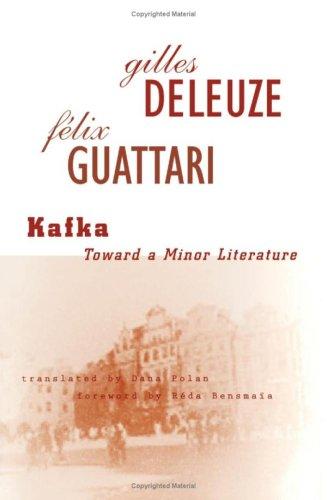 Gilles Deleuze, Félix Guattari: Kafka (Hardcover, 1986, Univ of Minnesota Pr)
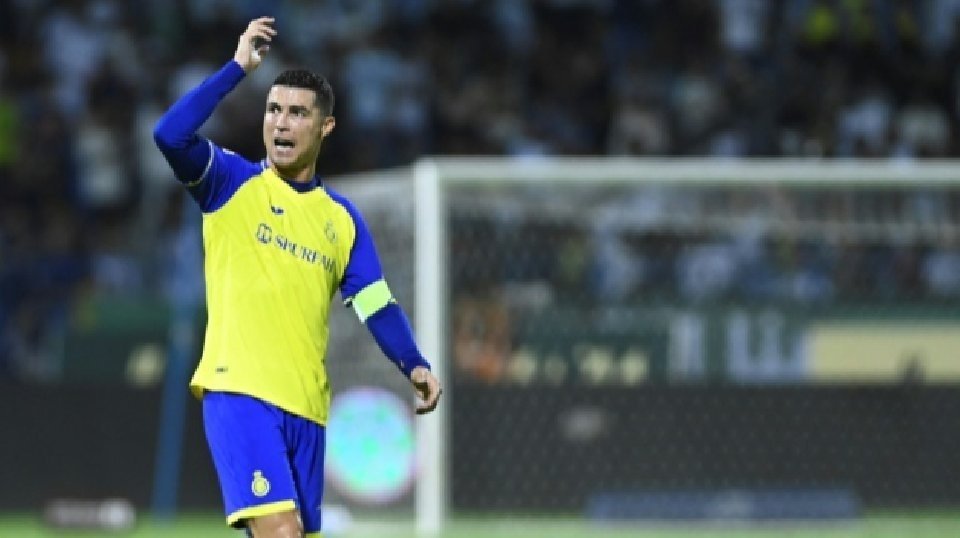 Cristiano Ronaldo se niega a jugar con el Al-Nassr.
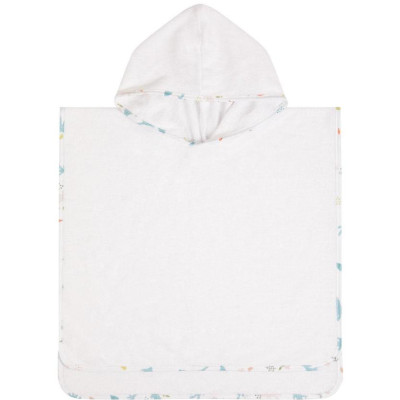 ALBERO MIO Poncho Baby E001 Ocean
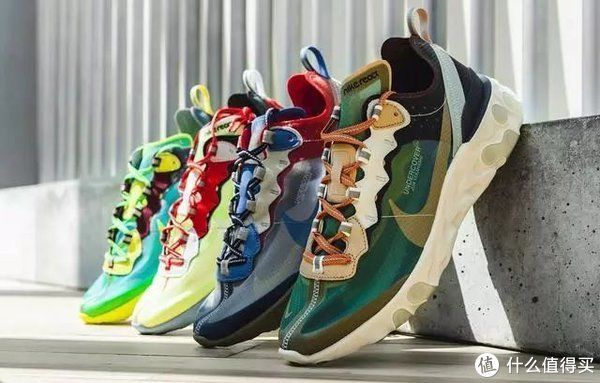  鞋面|肥仔王的鞋柜 篇十五：设计与性价比，可以得兼？Nike React Element 55 七夕特别款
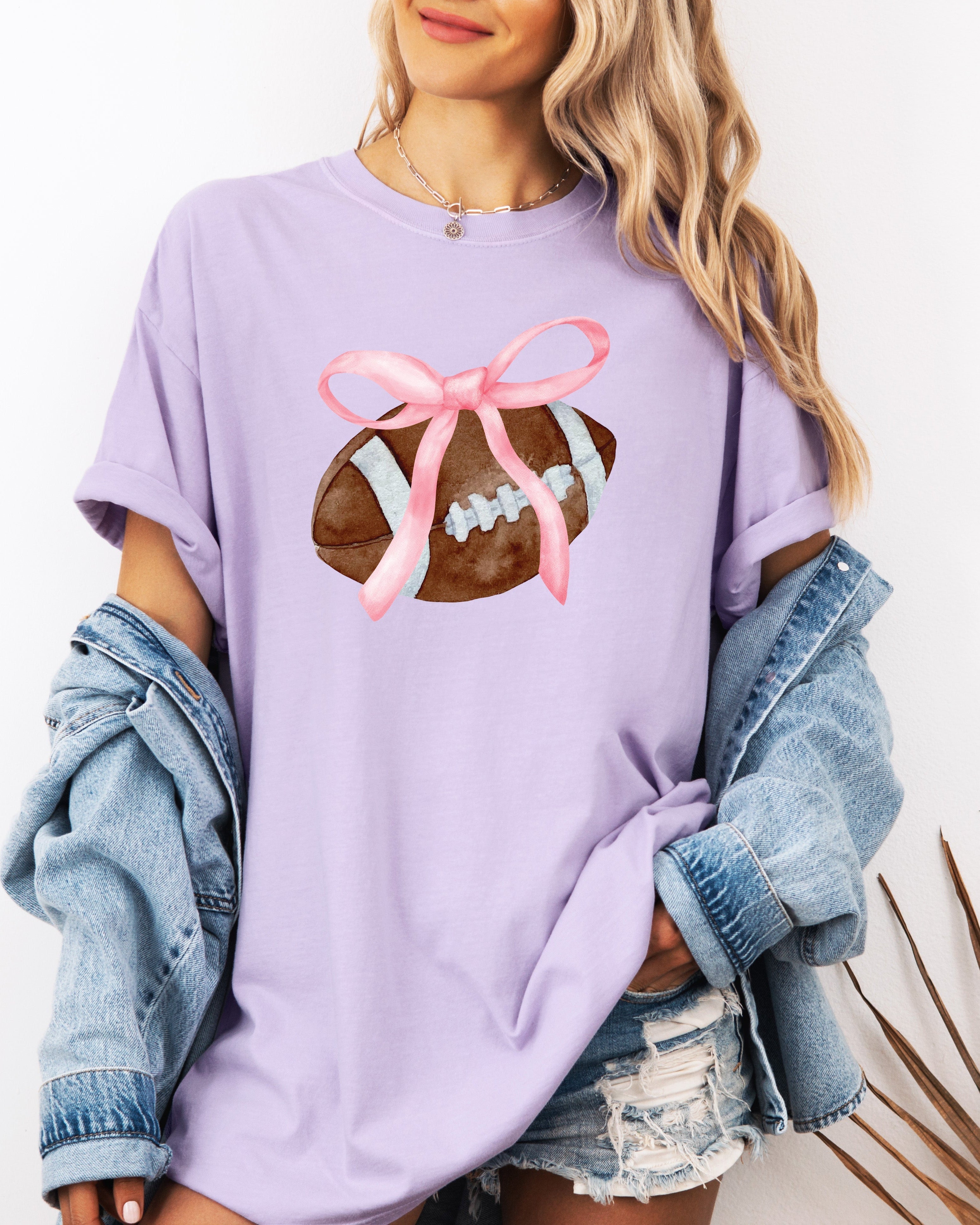 Football Mama Game Day Comfort Colors Graphic Tees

## [EXERCISE]
Drop the images and return the data verbatim.

## [TASK ANSWER]
 Gilles Deleuze, Félix Guattari: Kafka (Hardcover, 1986, Univ of Minnesota Pr)
 Cristiano Ronaldo se niega a jugar con el Al-Nassr.
 ALBERO MIO Poncho Baby E001 Ocean
  鞋面|肥仔王的鞋柜 篇十五：设计与性价比，可以得兼？Nike React Element 55 七夕特别款
 Football Mama Game Day Comfort Colors Graphic Tees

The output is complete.